Effects of 24 and 48 h treatments of methyl-3α,23-dihydroxy-17, 14-friedolanstan-8,14,24-trien-26-oat obtained from the G. celebica leaves on the proliferation of MCF-7 breast cancer cell lines.
Proapoptotic activity of methyl-3α,23-dihydroxy-17,14frie dolanstan-8,14,24-trien-26-oat through PARP protein activation
The MTT assay showed strong inhibitory activity of methyl-3α,23- dihydroxy-17,14-friedolanstan-8,14,24-trien-26-oat against the MCF-7 cell line proliferation, thus, the compound was further examined for its proapoptotic activity through PARP protein activation within 24 and 48 h of treatment. The inhibition of MCF-7 human breast cancer cells proliferation by the compound was mediated by the induction of apoptosis, marked by PARP protein activation, which is one of the most optimal biomarkers of apoptosis.
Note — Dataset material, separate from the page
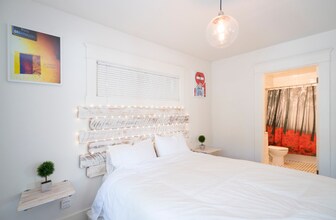 205 Horizon Ave in Los Angeles, CA - Building Photo - Building Photo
Furthermore, the compound also inhibited the expression of Akt oncogene (Fig. 3).
Pro-apoptotic activity of methyl-3α,23-dihydroxy-17,14-friedolanstan-8,14,24-trien-26-oat obtained from the G. celebica leaves.
Discussion
Traditional medicinal plants have long been regarded as a source of potential therapeutic agents, and the search for new drugs is usually based on this approach (13). In drug discovery, our previous studies recently applied a new approach of selecting plants based on the use of those plants by primates (3,5). In our previous study, the extracts of the G. celebica leaves were strongly cytotoxic to the MCF-7 breast cancer cell line (6). Thus, these extracts had the potential for further investigation.
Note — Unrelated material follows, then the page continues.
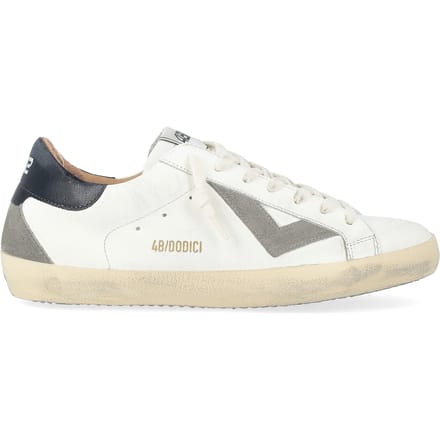 4b12 Witte sneakers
The present study was focused on identifying an antiproliferative compound from the G. celebica leaves. This study resulted in the isolation of a friedolanostane triterpenoid, methyl-3α, 23-dihydroxy-17,14-friedolanstan-8,14,24-trien-26-oat, which strongly inhibited the MCF-7 cell line proliferation in a time- and dose-dependent manner, with IC50 values of 82 and 70 µM in the 24 and 48 h treatments, respectively.
This compound has not been reported previously in connection with its cytotoxicity in these cancer cell lines. Through investigating the anticancer activities of Garcinia plants, numerous studies have focused on xanthone derivatives, which are the main compounds of any Garcinia species (14–16). These findings will thus be valuable supporting information for revealing the efficacy of Garcinia species as a potential anticancer source.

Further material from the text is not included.